* REQUIRED ACTION *
Repeat exactly the lines below, from the line containing "Creativ Pappmaché-Zahl, 20 cm, 1 Stück, beige, 1 Creativ" through the last line, both included. Leave out any pictures.

Dataset excerpts
········
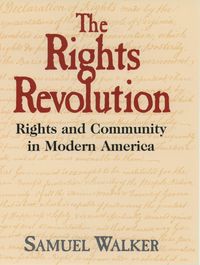Produktbild: The Rights Revolution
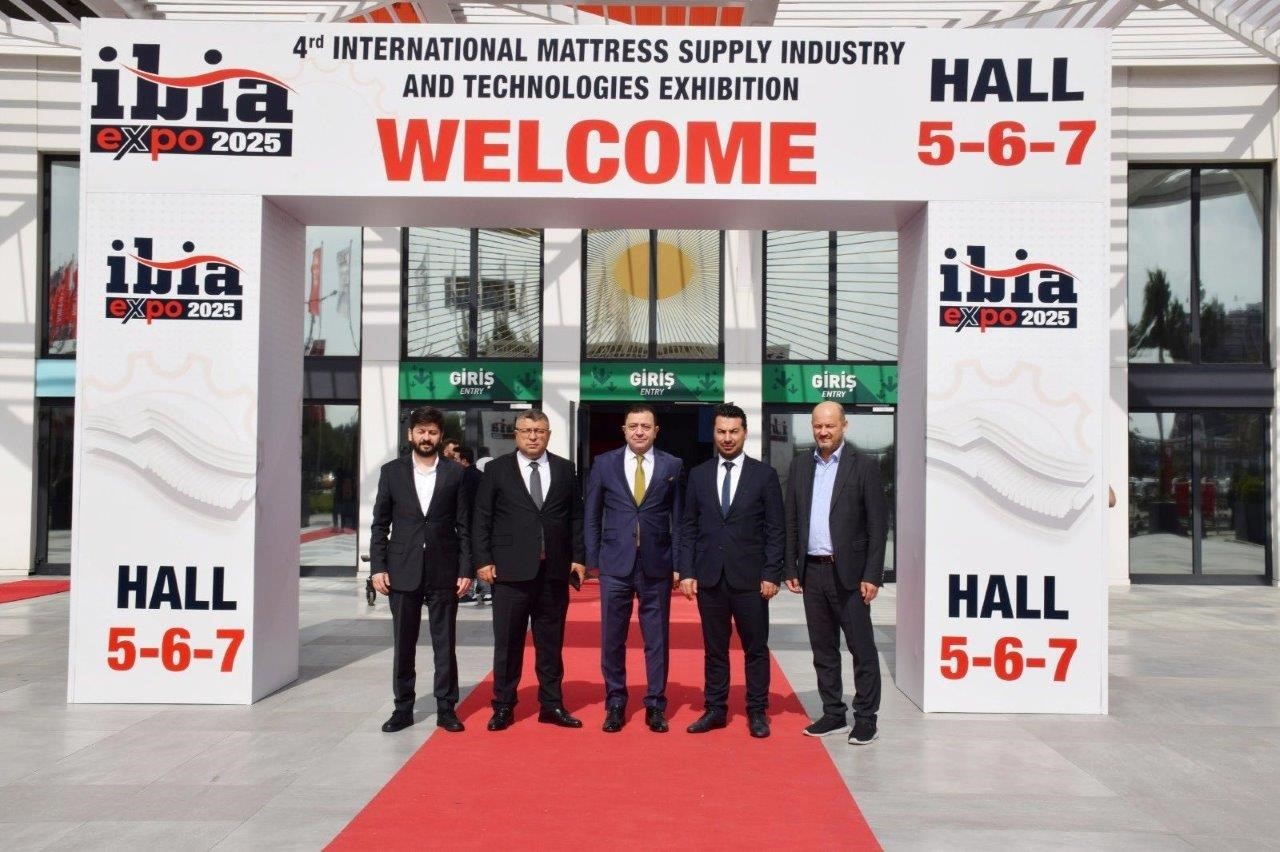 Kayseri OSB Yönetimi İstanbul’daki 3 Fuarda Sanayicileri Yalnız Bırakmadı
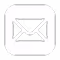 Icône d'enveloppe représentant un message email.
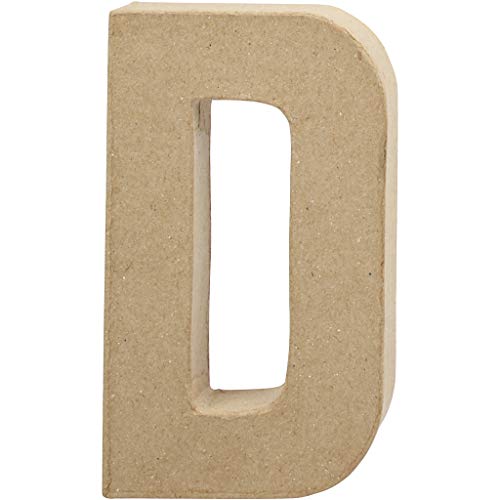 Creativ Pappmaché-Zahl, 20 cm, 1 Stück, beige, 1 Creativ Pappmaché-Zahl, 20 cm, 1 Stück, beige, 1 von Creativ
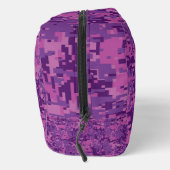 Registrierte Krankenschwester RN Caduceus mit Text Waschbeutel (Rechts)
········
* RESPONSE *
 Creativ Pappmaché-Zahl, 20 cm, 1 Stück, beige, 1 Creativ Pappmaché-Zahl, 20 cm, 1 Stück, beige, 1 von Creativ
 Registrierte Krankenschwester RN Caduceus mit Text Waschbeutel (Rechts)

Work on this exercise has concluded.